Dolayısıyla mesela CHP’nin en büyük handikaplarından bir tanesi, bir elinin sürekli askeriyenin içinde olması, ordunun içinde. Demokrasinin sanki bir şeyi gibi görmesi… Evet, Türkiye’de Osmanlı’nın yıkılma dönemlerinde askerlerin büyük etkisi var. İttihatçıların diyeyim. Çünkü hepsi asker kökenli nereden bakarsanız.700 yüzyıllık bir imparatorluğu yıkarken bir askerle yapmış bunu. O zaman hep şu kalmış bunlarda, asker demokrasinin sanki koruyucusu gibi. Hayır, öyle değil. Hiçbir şekilde bu askeri yapıya, “kardeşim sen ülkeyi korumakla görevlisin, senin sınırların bu!” diye, bunlara bunu anlatamamışlar. Hep bir eli askerin içinde kalmış. Tabi bu da zaman içinde… Mesela ben çok çok uzun yıllar önce, benim en son bu yapıya oy verdiğim dönem Ecevit dönemi idi. Hani Ecevit için dağlara taşlara “Kara Oğlan” yazıldığı dönemlerde. Bir de 12 Eylül cehenneminden sonra SHP’ye oy verdim. Başka vereceğimiz bir şey yoktu ve SHP de o çıkışı itibariyle bayağı iyi gelmişti bana o dönem. Ama sonra… Mesela dün akşam bir tartışma programında birisi izlerken Ahmet Hakan’ın programıydı. Keşke bu SHP’yi bozmasaydılar dedi. Yani CHP, ANAP’lılar nasıl kapattılar bir yere, erittiler partiyi. Keşke hiç açmasalardı gerçekten.
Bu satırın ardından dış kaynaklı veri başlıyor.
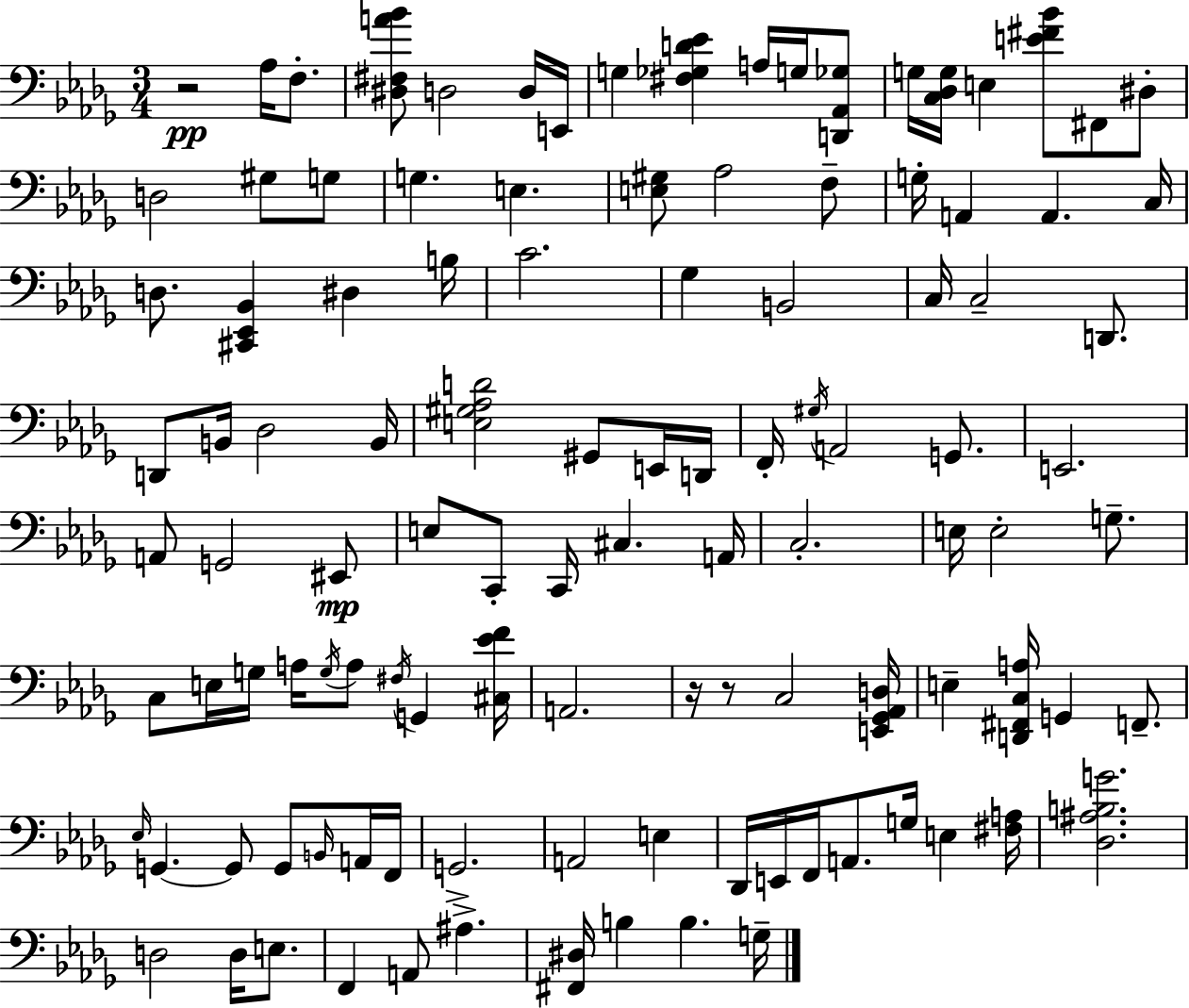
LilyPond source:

{
  \clef bass
  \numericTimeSignature
  \time 3/4
  \key bes \minor
  r2\pp aes16 f8.-. | <dis fis a' bes'>8 d2 d16 e,16 | g4 <fis ges d' ees'>4 a16 g16 <d, aes, ges>8 | g16 <c des g>16 e4 <e' fis' bes'>8 fis,8 dis8-. | \break d2 gis8 g8 | g4. e4. | <e gis>8 aes2 f8-- | g16-. a,4 a,4. c16 | \break d8. <cis, ees, bes,>4 dis4 b16 | c'2. | ges4 b,2 | c16 c2-- d,8. | \break d,8 b,16 des2 b,16 | <e gis aes d'>2 gis,8 e,16 d,16 | f,16-. \acciaccatura { gis16 } a,2 g,8. | e,2. | \break a,8 g,2 eis,8\mp | e8 c,8-. c,16 cis4. | a,16 c2.-. | e16 e2-. g8.-- | \break c8 e16 g16 a16 \acciaccatura { g16 } a8 \acciaccatura { fis16 } g,4 | <cis ees' f'>16 a,2. | r16 r8 c2 | <e, ges, aes, d>16 e4-- <d, fis, c a>16 g,4 | \break f,8.-- \grace { ees16 } g,4.~~ g,8 | g,8 \grace { b,16 } a,16 f,16 g,2.-> | a,2 | e4 des,16 e,16 f,16 a,8. g16 | \break e4 <fis a>16 <des ais b g'>2. | d2 | d16 e8. f,4 a,8 ais4.-> | <fis, dis>16 b4 b4. | \break g16-- \bar "|."
}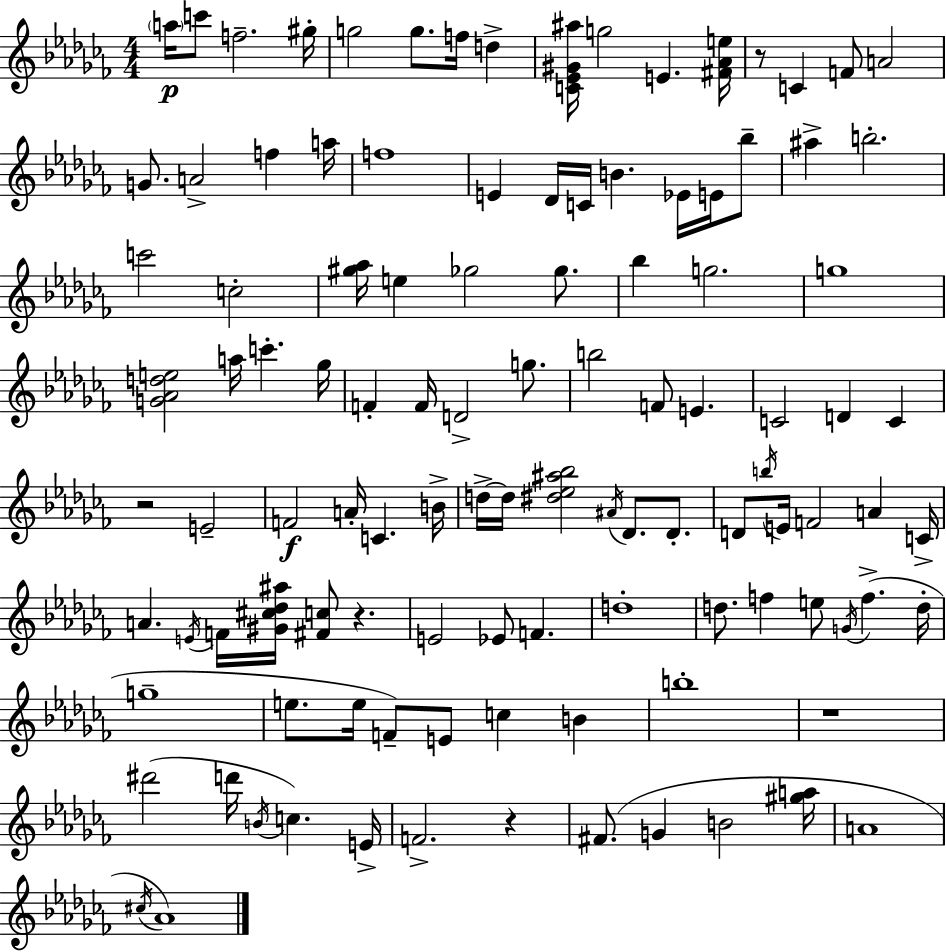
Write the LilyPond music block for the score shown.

{
  \clef treble
  \numericTimeSignature
  \time 4/4
  \key aes \minor
  \parenthesize a''16\p c'''8 f''2.-- gis''16-. | g''2 g''8. f''16 d''4-> | <c' ees' gis' ais''>16 g''2 e'4. <fis' aes' e''>16 | r8 c'4 f'8 a'2 | \break g'8. a'2-> f''4 a''16 | f''1 | e'4 des'16 c'16 b'4. ees'16 e'16 bes''8-- | ais''4-> b''2.-. | \break c'''2 c''2-. | <gis'' aes''>16 e''4 ges''2 ges''8. | bes''4 g''2. | g''1 | \break <g' aes' d'' e''>2 a''16 c'''4.-. ges''16 | f'4-. f'16 d'2-> g''8. | b''2 f'8 e'4. | c'2 d'4 c'4 | \break r2 e'2-- | f'2\f a'16-. c'4. b'16-> | d''16->~~ d''16 <dis'' ees'' ais'' bes''>2 \acciaccatura { ais'16 } des'8. des'8.-. | d'8 \acciaccatura { b''16 } e'16 f'2 a'4 | \break c'16-> a'4. \acciaccatura { e'16 } f'16 <gis' cis'' des'' ais''>16 <fis' c''>8 r4. | e'2 ees'8 f'4. | d''1-. | d''8. f''4 e''8 \acciaccatura { g'16 } f''4.->( | \break d''16-. g''1-- | e''8. e''16 f'8--) e'8 c''4 | b'4 b''1-. | r1 | \break dis'''2( d'''16 \acciaccatura { b'16 }) c''4. | e'16-> f'2.-> | r4 fis'8.( g'4 b'2 | <gis'' a''>16 a'1 | \break \acciaccatura { cis''16 }) aes'1 | \bar "|."
}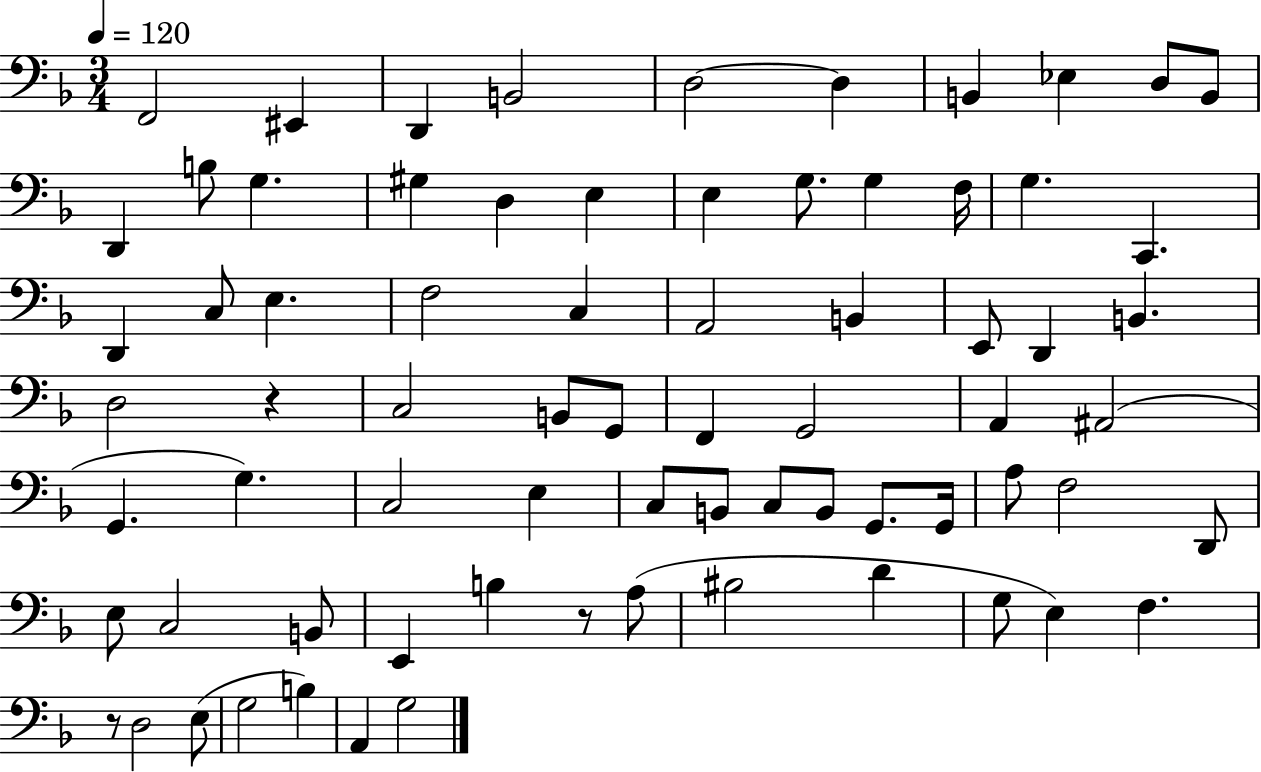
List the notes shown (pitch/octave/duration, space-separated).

F2/h EIS2/q D2/q B2/h D3/h D3/q B2/q Eb3/q D3/e B2/e D2/q B3/e G3/q. G#3/q D3/q E3/q E3/q G3/e. G3/q F3/s G3/q. C2/q. D2/q C3/e E3/q. F3/h C3/q A2/h B2/q E2/e D2/q B2/q. D3/h R/q C3/h B2/e G2/e F2/q G2/h A2/q A#2/h G2/q. G3/q. C3/h E3/q C3/e B2/e C3/e B2/e G2/e. G2/s A3/e F3/h D2/e E3/e C3/h B2/e E2/q B3/q R/e A3/e BIS3/h D4/q G3/e E3/q F3/q. R/e D3/h E3/e G3/h B3/q A2/q G3/h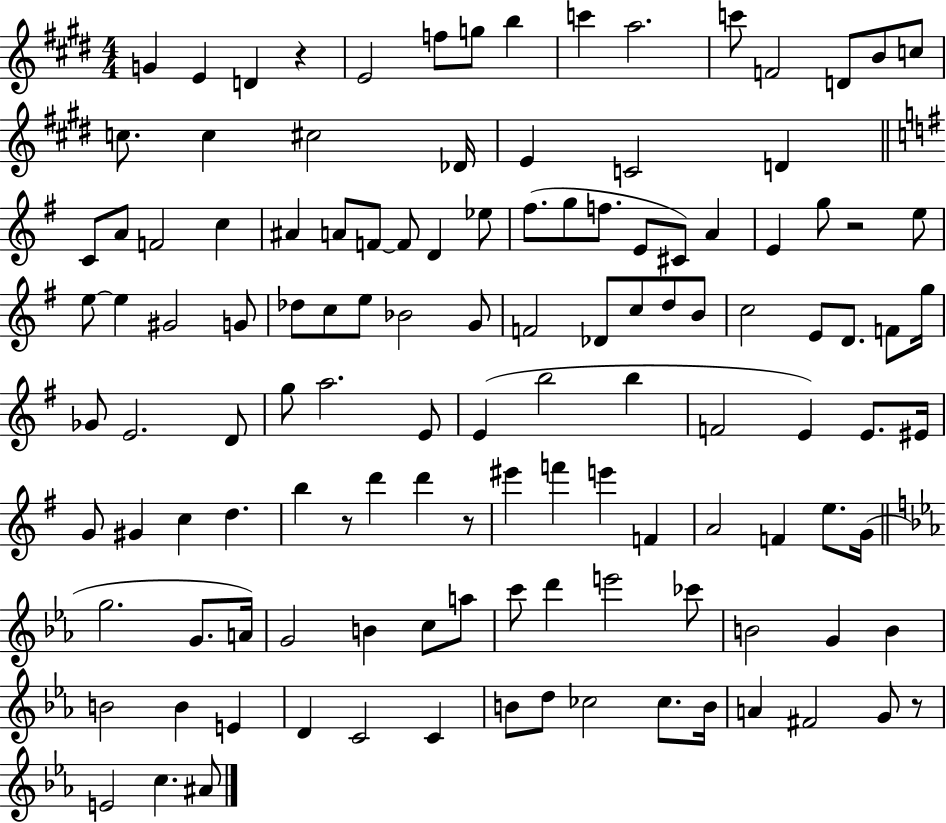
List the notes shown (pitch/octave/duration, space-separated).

G4/q E4/q D4/q R/q E4/h F5/e G5/e B5/q C6/q A5/h. C6/e F4/h D4/e B4/e C5/e C5/e. C5/q C#5/h Db4/s E4/q C4/h D4/q C4/e A4/e F4/h C5/q A#4/q A4/e F4/e F4/e D4/q Eb5/e F#5/e. G5/e F5/e. E4/e C#4/e A4/q E4/q G5/e R/h E5/e E5/e E5/q G#4/h G4/e Db5/e C5/e E5/e Bb4/h G4/e F4/h Db4/e C5/e D5/e B4/e C5/h E4/e D4/e. F4/e G5/s Gb4/e E4/h. D4/e G5/e A5/h. E4/e E4/q B5/h B5/q F4/h E4/q E4/e. EIS4/s G4/e G#4/q C5/q D5/q. B5/q R/e D6/q D6/q R/e EIS6/q F6/q E6/q F4/q A4/h F4/q E5/e. G4/s G5/h. G4/e. A4/s G4/h B4/q C5/e A5/e C6/e D6/q E6/h CES6/e B4/h G4/q B4/q B4/h B4/q E4/q D4/q C4/h C4/q B4/e D5/e CES5/h CES5/e. B4/s A4/q F#4/h G4/e R/e E4/h C5/q. A#4/e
Çünkü orada gerçekten sosyal demokrat bir damar vardı.
-Yani ilk defa halkla buluşmaya yönelik bir partiydi.
-Tabi, tabi ilk defa orada halkla buluştular. İçinde yeni politikacılar vardı. Ne bileyim Almanya’da Sosyal Demokratların içinde yetişip gelmiş, orada öğrendiği bildiği şeyleri buraya entegre etmeye çalışan insanlar vardı. Dolayısıyla hayır yine biz başa dönelim filan. Yani bu olmadı işte gördüğünüz gibi…
-Peki, ben şunu soracağım, AKP’nin niye bu kadar oy aldığına nispetle, Türkiye’de Cumhuriyeti kuran kadrolar, rejim-CHP aynı kadro içerisinde çıkan sol hareketlerin halkla -hem halkçıyız diyorlar bu mânâda- barışmasını niçin doksanlara kadar, hatta CHP babında 2000’lere kadar sürdü?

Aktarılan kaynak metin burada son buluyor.